Friday, May 07, 2004

It stinks from the top.

Many years ago, there was a psychological study showing that most people would be willing to torture another human being, if placed in an environment where torture was acceptable.

And it would be easy to blame the abuse committed at the Abu Ghraib prison on the particular culture of abuse that festered and grew at that particular complex.

But the fact is, there is a culture of lawlessness that has been encouraged by the Bush administration and has been ignored by the entire nation since the start of this debacle.

President Bush has made it clear that he believes that laws are to be followed only when convenient. He has ignored – at times openly mocked - international law. He has sacrificed constitutional protections in the name of security.

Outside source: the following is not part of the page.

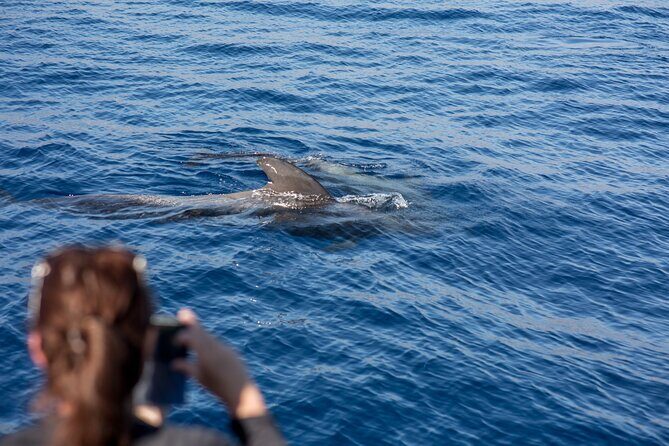 Royal Dolphin Whale watching excursion - Royal Delfin catamaran: the viewing setup that boosts your odds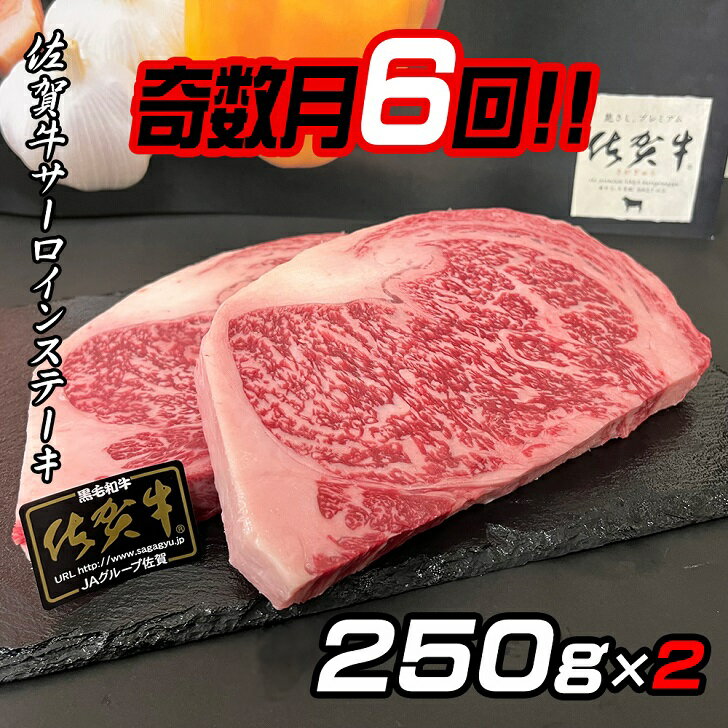 【ふるさと納税】【奇数月定期便（年6回）】佐賀牛ステーキ 250g×2：C180-009 1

The Bush administration currently has a case before the Supreme Court, arguing that the “detainees” (what a nice word for “prisoners”) at Guatanamo Bay are not protected by the Geneva Convention. The administration’s brief on the matter says: “The president, in his capacity as commander in chief, has conclusively determined that the Guantánamo detainees . . . are not entitled to prisoner-of-war status under the Geneva Convention."

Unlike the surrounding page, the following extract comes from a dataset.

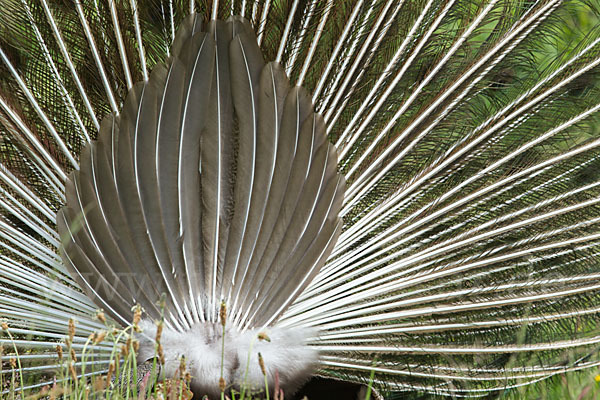 Pfau (Pavo cristatus)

In other words, the president has conclusively determined that long-standing legal provisions do not apply to him. Clear enough?

Bush has declared that Americans are not subject to the decisions of the new International Criminal Court, which is supposed to punish war crimes.

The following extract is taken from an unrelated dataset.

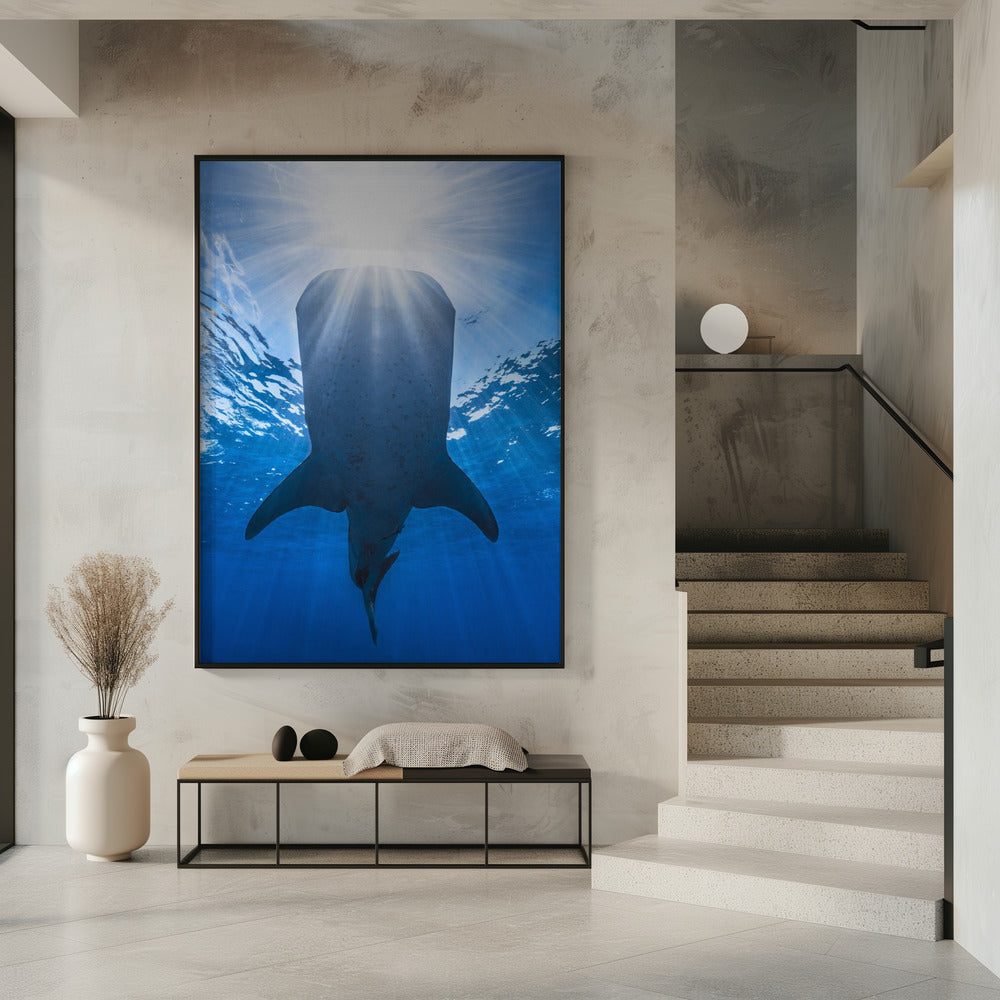 Whale shark and sun Poster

Bush has declared that by simply designating any American citizen an “enemy combatant” they are no longer entitled to constitutional protections and legal rights.

Bush has argued that such a person can be confined indefinitely, without charges, without a trial, without a lawyer, and with absolutely no oversight from any legal body.

During the 2003 State of the Union Address, Bush said that more than 3,000 suspected terrorist had been arrested in many countries. “And many others have met a different fate. Let's put it this way: They are no longer a problem for the United States.”

A rather chilling – and thoroughly lawless - statement.

The fundamental attitude and governing philosophy of this administration is that laws are optional, to be put on and discarded like clothing depending upon whether or not they happen to be convenient at the moment.

He has created an environment in which lawlessness is acceptable.

But if the Commander-In-Chief holds the law in contempt – why would we expect those whom he commands to respect it?